==== EXTRACTED INFORMATION ====

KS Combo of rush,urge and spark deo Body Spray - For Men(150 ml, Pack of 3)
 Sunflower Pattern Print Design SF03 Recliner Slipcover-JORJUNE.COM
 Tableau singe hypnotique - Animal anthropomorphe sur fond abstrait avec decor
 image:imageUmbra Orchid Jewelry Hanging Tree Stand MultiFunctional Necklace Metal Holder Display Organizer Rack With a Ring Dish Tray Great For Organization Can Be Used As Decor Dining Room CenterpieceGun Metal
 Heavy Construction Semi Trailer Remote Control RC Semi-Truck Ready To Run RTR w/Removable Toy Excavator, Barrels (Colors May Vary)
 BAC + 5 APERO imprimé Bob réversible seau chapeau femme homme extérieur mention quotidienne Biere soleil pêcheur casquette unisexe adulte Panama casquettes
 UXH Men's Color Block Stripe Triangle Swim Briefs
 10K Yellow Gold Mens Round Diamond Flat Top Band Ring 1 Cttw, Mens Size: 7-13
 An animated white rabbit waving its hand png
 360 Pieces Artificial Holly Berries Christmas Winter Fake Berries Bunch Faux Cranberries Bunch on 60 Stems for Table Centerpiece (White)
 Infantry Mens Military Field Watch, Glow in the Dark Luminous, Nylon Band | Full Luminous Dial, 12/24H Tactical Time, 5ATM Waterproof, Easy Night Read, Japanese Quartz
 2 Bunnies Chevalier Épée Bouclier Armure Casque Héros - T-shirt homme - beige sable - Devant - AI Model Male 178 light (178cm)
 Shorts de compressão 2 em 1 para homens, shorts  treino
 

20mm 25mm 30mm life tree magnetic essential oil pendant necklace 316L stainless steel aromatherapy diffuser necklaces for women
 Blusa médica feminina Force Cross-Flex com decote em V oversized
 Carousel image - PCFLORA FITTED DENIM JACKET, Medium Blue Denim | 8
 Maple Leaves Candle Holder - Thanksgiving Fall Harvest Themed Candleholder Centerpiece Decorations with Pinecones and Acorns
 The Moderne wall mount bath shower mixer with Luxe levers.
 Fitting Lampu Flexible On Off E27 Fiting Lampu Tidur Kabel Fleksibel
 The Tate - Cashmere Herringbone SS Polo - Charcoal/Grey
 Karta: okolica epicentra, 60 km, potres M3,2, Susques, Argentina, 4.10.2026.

====

### [PROBLEM REQUIREMENTS]
For every line in the data above that holds "image", return the line itself.

### [ANSWER FOR THE TASK]
 image:imageUmbra Orchid Jewelry Hanging Tree Stand MultiFunctional Necklace Metal Holder Display Organizer Rack With a Ring Dish Tray Great For Organization Can Be Used As Decor Dining Room CenterpieceGun Metal
 Carousel image - PCFLORA FITTED DENIM JACKET, Medium Blue Denim | 8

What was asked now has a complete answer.